As an avid cyclist, I love nothing better than exploring Jersey on my non-motorised two wheeled transport, and after the recent installation of a shower at work, I’ve finally run out of excuses not to ditch the car for my daily commute.
But I concede the journey can be challenging, not just because of my current lack of fitness but due to the attitude of other road users.
My commute runs from Grouville to Trinity taking in a combination of major and minor roads and green lanes. Rue de Francheville is the section I dread most each day. This fairly straight stretch connects Grouville to La Hougue Bie and is edged with unforgiving granite walls. There are a few well-spaced passing spaces, which seem to make drivers assume Michael Schumacher characteristics in their determination to be the one not to stop. I know, I’ve caught myself doing it. The knack is to not make eye contact and keep driving, James Dean style, ignoring the white knuckles of your ‘opponent’. This is all very well when you’re surrounded by large metal box, but very unnerving when exposed to the elements on a bike. With regularity I’ve found myself squeezed into the hedge, beeped at, revved at and generally abused for daring to take up space on the highway.

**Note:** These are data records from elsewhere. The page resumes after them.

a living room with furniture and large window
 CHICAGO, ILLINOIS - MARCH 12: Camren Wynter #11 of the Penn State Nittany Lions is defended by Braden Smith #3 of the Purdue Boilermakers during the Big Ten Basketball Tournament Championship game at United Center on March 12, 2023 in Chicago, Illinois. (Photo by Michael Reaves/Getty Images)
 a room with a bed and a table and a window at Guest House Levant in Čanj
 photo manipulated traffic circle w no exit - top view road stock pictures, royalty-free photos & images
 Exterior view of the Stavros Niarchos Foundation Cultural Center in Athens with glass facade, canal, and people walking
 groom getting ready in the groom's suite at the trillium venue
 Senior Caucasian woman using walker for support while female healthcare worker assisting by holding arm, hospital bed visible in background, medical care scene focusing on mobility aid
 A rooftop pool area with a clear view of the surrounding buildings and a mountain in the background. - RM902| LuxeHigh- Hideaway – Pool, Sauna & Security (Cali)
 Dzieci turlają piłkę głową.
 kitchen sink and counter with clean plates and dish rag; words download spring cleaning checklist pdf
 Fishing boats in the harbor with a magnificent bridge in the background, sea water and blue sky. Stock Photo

On Green Day, the last Friday of September each year, the Gerard Le Claire Environmental Trust asks Islanders to wear something green and make a donation to the work of the Trust, but just as importantly try to encourage folk to take a temporary break from their cars and for one day think about how they get to work or school; to leave the car at home and take bus, cycle or walk instead.
I frequently read letters in the JEP from drivers bemoaning the actions of cyclists and vice versa. Polemic arguments that seem to have no understanding of the other’s point of view - never the twain shall meet. I believe there are some tips that would help drivers and cyclists have a better understanding and live more harmoniously. For some this may be teaching a granny to suck eggs, but this is my chance in the hotseat, so here are a few of my bugbears:
Cycle positively! Don’t hide in the hedge, you’ll end up with your tyres caught in a drain or over the bonnet of a car. Many junctions in Jersey are such that cars need to edge out to get a good enough view to be able to pull out.
Allow traffic to pass! there is nothing more annoying as a driver than to be stuck in a long line of traffic behind a cyclist.
Indicate in plenty of time! This applies to both car drivers and cyclists. I know you know where you’re going, but no one else has a clue. The typical Jersey driver more often than not indicates as an afterthought – by which point the average cyclist is half way up the verge or the car driver has had to perform a …
Don’t undertake! Drivers are not expecting you to pass on their nearside, so it’s hardly surprising you get squashed against the kerb.
I could go on about not riding the wrong way down one way streets or in pedestrianised areas, but I do have a word limit.
And a few tips for drivers:
I hope you participate in this year’s Green Day, but if, for whatever reason, you do still need to use your car on that day, please spare a thought for those who are taking on this brave task. With a bit of mutual consideration the roads should be a happier place for all of us.